Let’s take our cue from St. Joe and build something good


The St. Joseph Fighting Irish have recently placed a beautiful 20-foot statue of Jesus Christ right in front of their football field. 

The statue is a replica of the “Word of Life” mural on the campus of the University of Notre Dame. The mural is more popularly known as Touchdown Jesus.

The new statue was possible because of a large donation given to the school by former parishioner Salvador Sarulio.

Three plaques will be placed on the statue soon, says St. Joe Coach John Baker. Each plaque will have a picture of one of the recent Fighting Irish state championship teams pictured on it.

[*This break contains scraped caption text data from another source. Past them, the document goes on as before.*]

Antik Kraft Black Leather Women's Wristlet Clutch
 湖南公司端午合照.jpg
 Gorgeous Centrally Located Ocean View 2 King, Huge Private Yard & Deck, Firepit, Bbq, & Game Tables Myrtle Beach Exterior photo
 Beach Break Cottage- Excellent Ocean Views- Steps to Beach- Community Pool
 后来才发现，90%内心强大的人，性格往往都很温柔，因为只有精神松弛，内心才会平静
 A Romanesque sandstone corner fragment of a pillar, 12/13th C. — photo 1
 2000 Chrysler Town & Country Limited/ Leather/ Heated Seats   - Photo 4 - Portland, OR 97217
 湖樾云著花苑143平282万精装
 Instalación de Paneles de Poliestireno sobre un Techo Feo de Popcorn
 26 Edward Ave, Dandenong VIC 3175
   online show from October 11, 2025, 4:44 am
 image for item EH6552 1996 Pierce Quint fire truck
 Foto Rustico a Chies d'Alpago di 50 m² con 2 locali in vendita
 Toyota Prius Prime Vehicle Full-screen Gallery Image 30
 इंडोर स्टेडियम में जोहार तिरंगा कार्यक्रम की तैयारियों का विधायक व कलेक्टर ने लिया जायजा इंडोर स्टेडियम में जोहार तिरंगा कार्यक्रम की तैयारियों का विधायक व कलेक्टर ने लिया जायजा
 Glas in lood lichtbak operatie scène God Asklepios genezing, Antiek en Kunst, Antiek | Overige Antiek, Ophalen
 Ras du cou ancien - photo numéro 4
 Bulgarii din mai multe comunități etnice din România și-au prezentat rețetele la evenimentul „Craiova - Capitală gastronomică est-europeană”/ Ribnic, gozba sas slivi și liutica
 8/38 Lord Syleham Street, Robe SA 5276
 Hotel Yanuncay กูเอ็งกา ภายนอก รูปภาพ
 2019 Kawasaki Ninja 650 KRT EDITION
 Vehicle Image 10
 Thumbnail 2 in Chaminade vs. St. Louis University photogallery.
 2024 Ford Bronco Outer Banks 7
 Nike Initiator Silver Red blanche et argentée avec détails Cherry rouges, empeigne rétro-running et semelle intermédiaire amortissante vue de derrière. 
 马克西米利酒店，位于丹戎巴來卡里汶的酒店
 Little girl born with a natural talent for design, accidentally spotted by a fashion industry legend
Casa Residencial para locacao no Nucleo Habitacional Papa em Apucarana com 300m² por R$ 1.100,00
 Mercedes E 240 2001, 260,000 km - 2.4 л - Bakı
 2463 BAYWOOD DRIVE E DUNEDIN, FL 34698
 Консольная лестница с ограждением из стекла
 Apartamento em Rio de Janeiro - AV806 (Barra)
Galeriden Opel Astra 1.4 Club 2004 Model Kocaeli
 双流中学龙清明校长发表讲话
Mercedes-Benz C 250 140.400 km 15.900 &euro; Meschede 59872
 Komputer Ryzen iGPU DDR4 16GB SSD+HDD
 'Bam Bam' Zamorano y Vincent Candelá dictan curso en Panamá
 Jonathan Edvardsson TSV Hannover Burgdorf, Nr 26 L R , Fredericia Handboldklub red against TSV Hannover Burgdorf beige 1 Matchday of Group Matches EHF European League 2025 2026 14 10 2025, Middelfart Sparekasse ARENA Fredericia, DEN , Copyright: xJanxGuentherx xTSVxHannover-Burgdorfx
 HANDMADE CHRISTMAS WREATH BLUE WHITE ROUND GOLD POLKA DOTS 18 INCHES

“This statue is something we have been trying to have done for a long time, and we are thrilled that we have finally made it happen,” Coach Baker said. “With many schools trying to take God away from their campuses, we are trying to do more to bring Him in.”

No matter your faith, the statue is a really cool site to behold. Not many high school football teams can say they have something like this.

With this in mind, I can’t help but see the juxtaposition between what St. Joseph has done and what other people across our country and in our community are currently trying to do.

To be perfectly clear, I believe that if a statue (or a flag) is causing people to feel pain then it should be removed. I also believe that, by their very nature, statues pay honor to those who they are carved after. Some people in our history were undeserving of the honor they were given by such statues.

In our city’s case, I do not have a problem with the Washington County Board of Supervisors voting last week to remove the confederate soldier’s memorial from the lawn of the Washington County Courthouse. In fact, I did not even realize it was there. If leaders in our community feel strongly that it needs to be moved, then so be it.

Still, I believe that removing a statue should be done after careful consideration and not during moments of passion. Once you tear it down, it is gone forever. Statues can be important history lessons to both parents and children. They can tell us who once lived at the same place that we are currently living in. They can teach us, both right and wrong, what these people valued. By removing them, these valuable history lessons may never occur.

And, the more I think about it, I believe that we should spend our time and energies on building things up, rather then on tearing things down.

What can we come together and build for future generations to look back and understand what we stood for and believed?